“Two, three, five, and seven—all prime numbers,” remarked Fatio after giving it a brief study. “The shelf-numbers are composites, the products of prime factors. Excellent, Doctor! By making this small improvement—assigning prime numbers, instead of counting numbers, to the various subjects—you have eliminated the problem. The shelf position of any book may be found by multiplying the subject-numbers—and you may be assured it will be unique.”
“It is a pleasure to explain it to one who grasps the principle so readily,” Leibniz said. “Huygens and the Bernoullis have both spoken highly of you, Fatio, and I can see that they were by no means insincere.”
“I am humbled to hear my name mentioned in the same sentence with theirs,” Fatio returned, “but since you have been kind enough to so favor me, perhaps you will indulge me in a question?”
“It would be my privilege.”
“Your scheme is a fine way to build a library. For the correct position of any book may be found by taking the product of the several primes that correspond to its subjects. Even when those numbers grow to several digits, that presents no great difficulty; and in any event it is well known that you have invented a machine capable of multiplying numbers with great facility, which I now perceive is just one element of the immense knowledge engine you have proposed to build.”
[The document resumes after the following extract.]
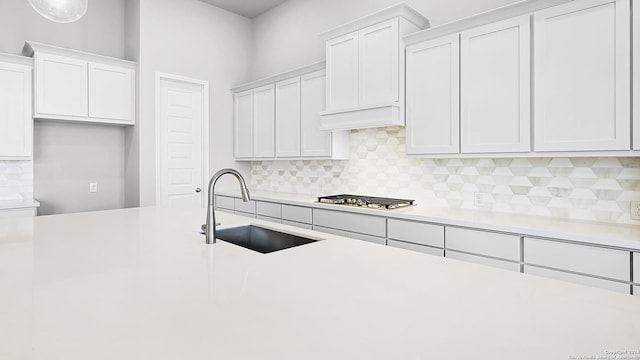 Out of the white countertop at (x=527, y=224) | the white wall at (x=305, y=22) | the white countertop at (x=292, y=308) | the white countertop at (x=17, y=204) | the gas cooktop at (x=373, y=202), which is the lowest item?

“Indeed, all of these are of a piece, and may be considered aspects of my Ars Combinatorica. Did you have a question?”
“I fear that your library, once built, will be difficult to understand. You are seeking the help of the Emperor in Vienna, are you not?”
“It cannot be accomplished without the resources of a great kingdom,” Leibniz said vaguely.
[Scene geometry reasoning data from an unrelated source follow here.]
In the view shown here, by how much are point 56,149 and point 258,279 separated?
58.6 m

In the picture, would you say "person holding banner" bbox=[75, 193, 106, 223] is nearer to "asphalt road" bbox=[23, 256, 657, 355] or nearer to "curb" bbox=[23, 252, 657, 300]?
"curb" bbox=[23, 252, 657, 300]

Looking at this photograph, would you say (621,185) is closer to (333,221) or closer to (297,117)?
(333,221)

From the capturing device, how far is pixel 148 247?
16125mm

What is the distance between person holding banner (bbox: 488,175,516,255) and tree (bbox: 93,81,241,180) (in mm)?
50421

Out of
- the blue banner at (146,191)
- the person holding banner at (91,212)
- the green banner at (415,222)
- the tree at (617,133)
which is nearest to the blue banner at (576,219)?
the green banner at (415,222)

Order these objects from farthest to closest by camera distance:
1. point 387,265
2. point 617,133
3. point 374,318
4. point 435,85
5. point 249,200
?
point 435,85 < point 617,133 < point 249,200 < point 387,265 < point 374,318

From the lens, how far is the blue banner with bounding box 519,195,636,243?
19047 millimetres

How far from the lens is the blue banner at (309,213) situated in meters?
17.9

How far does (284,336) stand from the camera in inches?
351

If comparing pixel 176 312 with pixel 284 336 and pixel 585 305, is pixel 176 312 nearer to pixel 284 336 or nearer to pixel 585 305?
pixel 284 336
“Very well, perhaps you are in communication with some other great prince. At any rate, it would seem, then, that you wish to make your Knowledge Engine on a colossal scale.”
“Marshalling resources is a continuing problem,” the Doctor said, still treading gingerly.
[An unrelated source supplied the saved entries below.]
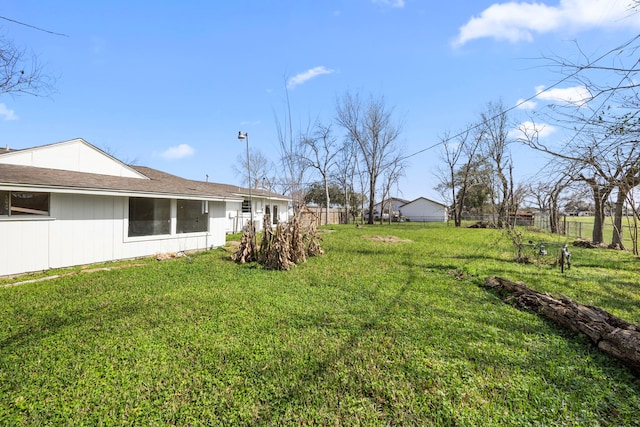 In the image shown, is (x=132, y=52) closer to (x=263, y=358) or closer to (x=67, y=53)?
(x=67, y=53)

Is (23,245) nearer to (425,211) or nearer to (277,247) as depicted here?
(277,247)

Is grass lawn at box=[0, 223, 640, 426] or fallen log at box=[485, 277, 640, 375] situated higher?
fallen log at box=[485, 277, 640, 375]

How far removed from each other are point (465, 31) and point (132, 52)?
33.2 ft

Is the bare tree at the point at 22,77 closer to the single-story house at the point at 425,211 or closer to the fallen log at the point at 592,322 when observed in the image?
the fallen log at the point at 592,322

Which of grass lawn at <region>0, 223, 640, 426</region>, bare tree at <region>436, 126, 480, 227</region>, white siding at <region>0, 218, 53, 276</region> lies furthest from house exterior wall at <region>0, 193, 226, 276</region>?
bare tree at <region>436, 126, 480, 227</region>

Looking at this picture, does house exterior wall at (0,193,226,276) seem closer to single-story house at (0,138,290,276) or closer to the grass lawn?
single-story house at (0,138,290,276)

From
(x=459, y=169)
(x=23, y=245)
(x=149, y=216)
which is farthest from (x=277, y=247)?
(x=459, y=169)

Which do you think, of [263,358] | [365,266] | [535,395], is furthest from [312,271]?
[535,395]

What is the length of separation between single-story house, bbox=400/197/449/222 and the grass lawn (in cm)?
3854

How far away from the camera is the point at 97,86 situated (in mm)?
11711

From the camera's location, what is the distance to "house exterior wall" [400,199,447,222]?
42156 millimetres

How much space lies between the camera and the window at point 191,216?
9.16 meters

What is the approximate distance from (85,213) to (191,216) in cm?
297

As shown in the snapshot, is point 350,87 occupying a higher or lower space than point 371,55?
higher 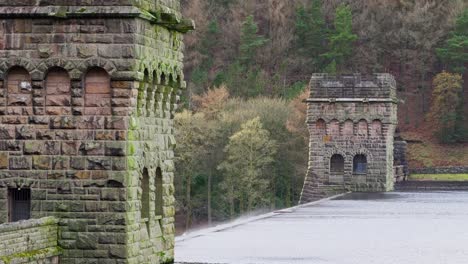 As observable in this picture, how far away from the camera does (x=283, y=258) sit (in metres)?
25.1

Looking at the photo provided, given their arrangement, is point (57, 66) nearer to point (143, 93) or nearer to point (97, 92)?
point (97, 92)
“I predict that you will find success, Doctor Leibniz, and that one day there will rise up, in Berlin, Vienna, or even Moscow, a Knowledge Engine on a titanic scale. The shelves will extend for countless leagues and will be crowded with books all arranged according to the rules of your system. But I fear that I could very easily become lost in the bowels of that place. Looking at a shelf I might see some number, eight or nine digits long. I would know this to be a composite number, the product of two or more primes. But to decompose such a number into its prime factors is a notoriously difficult and tedious problem. There is a curious asymmetry about this approach, in other words, lying in the fact that to its creator the structure and organization of the great library will be clear as glass—but to a solitary visitor it will seem a murky maze of impenetrable numbers.”
“I do not deny it,” Leibniz answered without hesitation, “but I find in this a sort of beauty, a reflection of the structure of the universe. The situation of the solitary visitor, as you have described it, is one with which I am familiar.”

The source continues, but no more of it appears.